[Records from a data source]
# # # #

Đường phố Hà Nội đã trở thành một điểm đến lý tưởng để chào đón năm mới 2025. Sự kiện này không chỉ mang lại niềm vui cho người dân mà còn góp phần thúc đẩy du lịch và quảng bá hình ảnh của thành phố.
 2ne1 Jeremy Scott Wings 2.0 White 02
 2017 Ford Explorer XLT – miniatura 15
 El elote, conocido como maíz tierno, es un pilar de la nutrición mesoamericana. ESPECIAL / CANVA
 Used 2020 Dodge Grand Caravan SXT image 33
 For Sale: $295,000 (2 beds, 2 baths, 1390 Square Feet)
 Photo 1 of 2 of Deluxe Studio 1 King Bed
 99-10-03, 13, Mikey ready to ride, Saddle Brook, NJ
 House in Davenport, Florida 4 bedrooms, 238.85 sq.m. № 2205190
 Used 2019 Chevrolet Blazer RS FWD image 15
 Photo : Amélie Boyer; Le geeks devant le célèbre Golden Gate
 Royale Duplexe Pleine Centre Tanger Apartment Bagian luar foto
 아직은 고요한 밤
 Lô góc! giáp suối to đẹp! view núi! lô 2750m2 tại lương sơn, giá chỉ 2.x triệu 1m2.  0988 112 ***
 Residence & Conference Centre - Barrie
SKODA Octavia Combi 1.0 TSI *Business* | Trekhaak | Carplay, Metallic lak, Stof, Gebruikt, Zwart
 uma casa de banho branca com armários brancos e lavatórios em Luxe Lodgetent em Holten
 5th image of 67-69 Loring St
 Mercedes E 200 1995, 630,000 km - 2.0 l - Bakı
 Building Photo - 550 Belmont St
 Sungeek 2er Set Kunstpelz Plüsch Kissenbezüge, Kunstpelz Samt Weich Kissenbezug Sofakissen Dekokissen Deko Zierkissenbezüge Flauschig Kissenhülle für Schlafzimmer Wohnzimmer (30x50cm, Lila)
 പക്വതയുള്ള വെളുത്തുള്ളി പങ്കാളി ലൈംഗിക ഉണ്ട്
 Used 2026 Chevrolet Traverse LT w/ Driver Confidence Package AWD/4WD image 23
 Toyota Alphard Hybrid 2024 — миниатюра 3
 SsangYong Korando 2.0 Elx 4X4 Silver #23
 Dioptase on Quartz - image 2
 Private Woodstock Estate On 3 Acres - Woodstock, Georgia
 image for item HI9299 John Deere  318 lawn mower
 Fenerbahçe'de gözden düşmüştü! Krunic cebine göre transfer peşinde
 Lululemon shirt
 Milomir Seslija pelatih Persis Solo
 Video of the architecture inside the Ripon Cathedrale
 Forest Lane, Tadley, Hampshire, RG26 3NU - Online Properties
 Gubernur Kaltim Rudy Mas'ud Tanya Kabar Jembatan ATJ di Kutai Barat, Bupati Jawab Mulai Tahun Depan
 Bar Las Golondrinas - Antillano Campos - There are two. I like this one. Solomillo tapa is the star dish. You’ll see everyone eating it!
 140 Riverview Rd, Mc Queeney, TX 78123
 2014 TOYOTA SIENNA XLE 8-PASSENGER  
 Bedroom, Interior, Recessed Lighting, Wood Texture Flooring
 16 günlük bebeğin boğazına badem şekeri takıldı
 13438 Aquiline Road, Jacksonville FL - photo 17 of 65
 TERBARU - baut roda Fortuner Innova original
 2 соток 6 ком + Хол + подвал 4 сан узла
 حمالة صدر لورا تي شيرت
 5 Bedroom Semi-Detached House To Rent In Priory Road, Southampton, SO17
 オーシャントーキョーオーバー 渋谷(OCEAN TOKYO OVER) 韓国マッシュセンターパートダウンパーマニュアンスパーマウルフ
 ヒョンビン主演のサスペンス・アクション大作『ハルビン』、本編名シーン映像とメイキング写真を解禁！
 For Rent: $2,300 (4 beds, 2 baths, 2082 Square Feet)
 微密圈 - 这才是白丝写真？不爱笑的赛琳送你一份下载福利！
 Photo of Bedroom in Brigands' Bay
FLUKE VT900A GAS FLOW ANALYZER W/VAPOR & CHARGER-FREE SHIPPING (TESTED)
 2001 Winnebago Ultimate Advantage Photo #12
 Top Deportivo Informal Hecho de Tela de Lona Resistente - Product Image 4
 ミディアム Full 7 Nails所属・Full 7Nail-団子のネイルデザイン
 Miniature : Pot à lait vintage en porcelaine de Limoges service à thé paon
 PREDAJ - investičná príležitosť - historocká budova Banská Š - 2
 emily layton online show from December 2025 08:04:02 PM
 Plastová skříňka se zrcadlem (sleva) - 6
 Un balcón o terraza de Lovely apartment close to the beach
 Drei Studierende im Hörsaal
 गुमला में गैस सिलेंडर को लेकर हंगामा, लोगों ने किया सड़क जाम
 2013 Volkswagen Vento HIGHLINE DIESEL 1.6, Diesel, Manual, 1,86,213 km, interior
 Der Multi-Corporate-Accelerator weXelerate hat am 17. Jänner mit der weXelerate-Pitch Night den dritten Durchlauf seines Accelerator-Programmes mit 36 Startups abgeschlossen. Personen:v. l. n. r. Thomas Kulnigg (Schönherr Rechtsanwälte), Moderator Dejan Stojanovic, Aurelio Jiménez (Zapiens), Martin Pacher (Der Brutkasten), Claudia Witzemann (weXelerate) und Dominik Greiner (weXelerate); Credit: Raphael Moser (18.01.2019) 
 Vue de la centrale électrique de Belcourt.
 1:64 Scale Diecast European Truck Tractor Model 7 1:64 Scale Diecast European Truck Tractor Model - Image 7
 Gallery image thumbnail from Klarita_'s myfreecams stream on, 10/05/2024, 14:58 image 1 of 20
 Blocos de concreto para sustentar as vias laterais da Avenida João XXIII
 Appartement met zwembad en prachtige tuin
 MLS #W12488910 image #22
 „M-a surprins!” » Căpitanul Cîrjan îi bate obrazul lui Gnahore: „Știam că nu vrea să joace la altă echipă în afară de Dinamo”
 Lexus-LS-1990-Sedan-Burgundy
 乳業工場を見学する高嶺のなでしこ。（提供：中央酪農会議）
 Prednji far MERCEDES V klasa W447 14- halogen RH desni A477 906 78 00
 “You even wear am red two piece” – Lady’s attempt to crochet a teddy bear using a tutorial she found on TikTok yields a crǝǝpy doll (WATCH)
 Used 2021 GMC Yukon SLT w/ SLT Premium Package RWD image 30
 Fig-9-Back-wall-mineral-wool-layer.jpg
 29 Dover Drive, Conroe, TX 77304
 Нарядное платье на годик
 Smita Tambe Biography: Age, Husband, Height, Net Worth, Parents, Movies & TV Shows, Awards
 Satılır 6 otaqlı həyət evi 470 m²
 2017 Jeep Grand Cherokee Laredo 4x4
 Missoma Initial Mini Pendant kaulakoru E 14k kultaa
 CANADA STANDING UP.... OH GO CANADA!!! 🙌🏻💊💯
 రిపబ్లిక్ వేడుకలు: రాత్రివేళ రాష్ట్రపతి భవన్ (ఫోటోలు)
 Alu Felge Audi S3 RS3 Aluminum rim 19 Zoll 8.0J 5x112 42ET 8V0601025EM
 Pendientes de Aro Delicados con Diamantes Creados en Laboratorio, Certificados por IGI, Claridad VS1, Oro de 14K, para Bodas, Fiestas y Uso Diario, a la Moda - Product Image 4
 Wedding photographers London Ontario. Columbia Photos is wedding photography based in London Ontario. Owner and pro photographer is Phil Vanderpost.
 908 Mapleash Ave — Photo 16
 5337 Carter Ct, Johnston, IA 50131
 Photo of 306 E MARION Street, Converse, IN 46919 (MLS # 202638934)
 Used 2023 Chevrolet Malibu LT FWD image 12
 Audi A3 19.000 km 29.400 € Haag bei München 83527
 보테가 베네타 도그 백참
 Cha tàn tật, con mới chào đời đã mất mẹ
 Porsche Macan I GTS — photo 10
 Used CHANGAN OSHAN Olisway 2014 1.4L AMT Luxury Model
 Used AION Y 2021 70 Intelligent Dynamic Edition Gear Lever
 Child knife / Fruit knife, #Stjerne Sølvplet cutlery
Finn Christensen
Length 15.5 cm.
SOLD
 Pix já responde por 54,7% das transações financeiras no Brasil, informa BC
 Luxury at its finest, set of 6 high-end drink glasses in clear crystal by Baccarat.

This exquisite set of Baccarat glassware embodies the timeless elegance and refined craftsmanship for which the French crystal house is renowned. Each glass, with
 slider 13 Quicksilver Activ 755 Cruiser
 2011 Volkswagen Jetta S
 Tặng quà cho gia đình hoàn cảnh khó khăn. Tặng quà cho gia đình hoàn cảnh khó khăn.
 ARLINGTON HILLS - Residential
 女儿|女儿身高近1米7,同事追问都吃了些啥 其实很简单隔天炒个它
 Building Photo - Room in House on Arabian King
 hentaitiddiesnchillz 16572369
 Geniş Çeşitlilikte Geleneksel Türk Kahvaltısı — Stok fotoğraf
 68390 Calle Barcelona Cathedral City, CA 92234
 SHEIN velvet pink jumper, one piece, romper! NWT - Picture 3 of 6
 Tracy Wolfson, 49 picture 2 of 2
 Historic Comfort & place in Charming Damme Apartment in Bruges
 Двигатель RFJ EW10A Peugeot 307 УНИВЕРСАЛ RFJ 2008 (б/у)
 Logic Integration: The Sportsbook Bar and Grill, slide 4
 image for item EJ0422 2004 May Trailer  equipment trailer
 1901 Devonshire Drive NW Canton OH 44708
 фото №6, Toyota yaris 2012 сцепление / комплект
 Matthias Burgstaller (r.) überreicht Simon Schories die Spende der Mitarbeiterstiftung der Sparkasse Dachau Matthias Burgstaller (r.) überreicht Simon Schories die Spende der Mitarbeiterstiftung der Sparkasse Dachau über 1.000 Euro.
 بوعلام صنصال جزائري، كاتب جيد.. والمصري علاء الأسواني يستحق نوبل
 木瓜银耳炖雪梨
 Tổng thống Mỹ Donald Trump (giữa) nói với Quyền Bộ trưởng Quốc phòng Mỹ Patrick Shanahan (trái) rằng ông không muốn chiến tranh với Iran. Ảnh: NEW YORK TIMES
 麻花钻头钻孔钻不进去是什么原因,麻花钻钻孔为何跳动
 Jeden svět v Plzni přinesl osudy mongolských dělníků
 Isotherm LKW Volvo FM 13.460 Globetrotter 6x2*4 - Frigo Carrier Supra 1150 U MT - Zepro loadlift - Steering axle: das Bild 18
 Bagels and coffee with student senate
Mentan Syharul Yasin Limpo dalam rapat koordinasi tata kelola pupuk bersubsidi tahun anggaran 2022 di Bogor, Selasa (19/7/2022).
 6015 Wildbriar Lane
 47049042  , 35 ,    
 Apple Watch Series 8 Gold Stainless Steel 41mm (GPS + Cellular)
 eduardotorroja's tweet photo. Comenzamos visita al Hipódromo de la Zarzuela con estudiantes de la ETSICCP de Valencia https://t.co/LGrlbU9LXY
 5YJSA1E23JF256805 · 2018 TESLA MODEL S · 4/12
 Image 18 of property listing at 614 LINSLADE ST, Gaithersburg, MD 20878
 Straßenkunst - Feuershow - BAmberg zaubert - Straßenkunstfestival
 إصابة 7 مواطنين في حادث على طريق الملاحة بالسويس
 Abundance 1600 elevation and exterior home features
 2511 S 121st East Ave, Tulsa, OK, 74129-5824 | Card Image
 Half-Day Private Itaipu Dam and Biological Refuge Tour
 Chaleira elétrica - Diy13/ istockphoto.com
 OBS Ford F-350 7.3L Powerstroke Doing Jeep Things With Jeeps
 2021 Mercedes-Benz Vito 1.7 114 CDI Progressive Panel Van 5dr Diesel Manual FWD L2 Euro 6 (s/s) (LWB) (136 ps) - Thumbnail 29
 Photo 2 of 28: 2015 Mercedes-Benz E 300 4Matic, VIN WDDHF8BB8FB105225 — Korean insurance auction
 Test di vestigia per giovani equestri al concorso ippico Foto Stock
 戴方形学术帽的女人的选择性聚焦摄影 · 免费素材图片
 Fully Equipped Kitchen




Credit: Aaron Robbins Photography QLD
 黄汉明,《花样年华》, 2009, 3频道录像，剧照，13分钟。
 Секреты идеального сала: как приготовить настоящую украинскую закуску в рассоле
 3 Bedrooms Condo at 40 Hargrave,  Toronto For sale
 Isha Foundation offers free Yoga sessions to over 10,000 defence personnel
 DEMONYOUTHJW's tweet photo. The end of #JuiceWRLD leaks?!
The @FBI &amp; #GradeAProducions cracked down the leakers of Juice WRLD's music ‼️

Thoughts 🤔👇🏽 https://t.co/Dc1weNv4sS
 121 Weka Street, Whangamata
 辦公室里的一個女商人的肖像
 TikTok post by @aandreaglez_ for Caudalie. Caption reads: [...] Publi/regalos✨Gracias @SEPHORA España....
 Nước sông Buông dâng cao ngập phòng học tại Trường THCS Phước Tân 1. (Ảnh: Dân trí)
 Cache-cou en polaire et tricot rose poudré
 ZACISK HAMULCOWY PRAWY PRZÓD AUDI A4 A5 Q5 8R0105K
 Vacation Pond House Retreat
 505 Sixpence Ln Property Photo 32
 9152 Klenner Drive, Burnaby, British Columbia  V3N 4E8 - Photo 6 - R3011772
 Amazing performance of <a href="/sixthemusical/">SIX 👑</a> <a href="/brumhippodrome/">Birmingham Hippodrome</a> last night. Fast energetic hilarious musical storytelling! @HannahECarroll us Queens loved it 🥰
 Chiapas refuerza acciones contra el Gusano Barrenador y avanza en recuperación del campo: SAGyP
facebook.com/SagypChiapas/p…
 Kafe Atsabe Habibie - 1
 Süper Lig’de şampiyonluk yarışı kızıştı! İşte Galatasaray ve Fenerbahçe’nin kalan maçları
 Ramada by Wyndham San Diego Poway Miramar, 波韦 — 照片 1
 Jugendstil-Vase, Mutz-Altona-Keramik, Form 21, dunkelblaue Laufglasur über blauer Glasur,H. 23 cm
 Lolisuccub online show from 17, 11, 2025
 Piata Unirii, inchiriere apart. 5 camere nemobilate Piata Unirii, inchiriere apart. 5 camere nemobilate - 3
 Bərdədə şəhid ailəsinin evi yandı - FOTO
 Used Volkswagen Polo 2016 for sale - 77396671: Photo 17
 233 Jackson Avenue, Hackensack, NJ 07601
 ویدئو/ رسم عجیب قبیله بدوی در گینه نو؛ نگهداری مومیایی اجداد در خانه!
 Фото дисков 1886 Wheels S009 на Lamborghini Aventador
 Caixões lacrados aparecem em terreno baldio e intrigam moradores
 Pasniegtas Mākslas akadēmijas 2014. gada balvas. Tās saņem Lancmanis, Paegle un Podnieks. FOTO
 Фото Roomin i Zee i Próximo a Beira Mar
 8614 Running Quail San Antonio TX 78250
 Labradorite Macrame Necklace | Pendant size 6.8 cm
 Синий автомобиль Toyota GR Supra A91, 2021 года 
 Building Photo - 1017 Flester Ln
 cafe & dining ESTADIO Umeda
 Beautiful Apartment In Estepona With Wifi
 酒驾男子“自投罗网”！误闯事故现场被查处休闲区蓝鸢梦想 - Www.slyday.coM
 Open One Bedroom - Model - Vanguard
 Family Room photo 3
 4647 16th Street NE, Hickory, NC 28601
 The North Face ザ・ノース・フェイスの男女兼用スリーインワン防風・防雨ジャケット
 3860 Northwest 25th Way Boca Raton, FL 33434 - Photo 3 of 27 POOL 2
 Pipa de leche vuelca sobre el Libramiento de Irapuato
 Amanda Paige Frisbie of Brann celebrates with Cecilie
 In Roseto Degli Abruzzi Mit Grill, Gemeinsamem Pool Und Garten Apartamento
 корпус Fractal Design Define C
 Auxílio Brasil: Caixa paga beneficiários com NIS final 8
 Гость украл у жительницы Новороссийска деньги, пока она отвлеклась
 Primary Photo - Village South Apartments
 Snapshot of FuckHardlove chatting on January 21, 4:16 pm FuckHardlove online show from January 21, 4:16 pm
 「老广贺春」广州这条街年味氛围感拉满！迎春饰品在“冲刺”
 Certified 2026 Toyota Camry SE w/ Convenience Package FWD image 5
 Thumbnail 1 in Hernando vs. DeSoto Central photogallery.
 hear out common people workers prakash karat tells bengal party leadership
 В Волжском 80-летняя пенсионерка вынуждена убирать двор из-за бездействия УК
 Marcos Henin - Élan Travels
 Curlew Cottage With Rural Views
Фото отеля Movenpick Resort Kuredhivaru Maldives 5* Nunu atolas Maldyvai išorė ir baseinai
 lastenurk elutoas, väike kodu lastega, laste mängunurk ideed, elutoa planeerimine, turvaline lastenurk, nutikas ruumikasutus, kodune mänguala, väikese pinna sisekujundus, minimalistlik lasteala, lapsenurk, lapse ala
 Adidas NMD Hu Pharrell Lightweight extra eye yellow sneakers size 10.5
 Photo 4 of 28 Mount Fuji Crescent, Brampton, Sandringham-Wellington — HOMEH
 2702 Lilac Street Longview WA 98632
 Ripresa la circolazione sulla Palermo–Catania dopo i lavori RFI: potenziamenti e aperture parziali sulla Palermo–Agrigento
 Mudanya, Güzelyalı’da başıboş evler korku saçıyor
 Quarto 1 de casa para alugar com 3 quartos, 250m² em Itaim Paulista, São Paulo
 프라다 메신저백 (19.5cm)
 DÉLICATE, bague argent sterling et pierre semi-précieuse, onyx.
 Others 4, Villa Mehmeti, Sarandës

# # # #

__Task item__: Filter the data for the string "Columbia" and copy every line that has it.

__Response to this exercise__:
 Wedding photographers London Ontario. Columbia Photos is wedding photography based in London Ontario. Owner and pro photographer is Phil Vanderpost.
 9152 Klenner Drive, Burnaby, British Columbia  V3N 4E8 - Photo 6 - R3011772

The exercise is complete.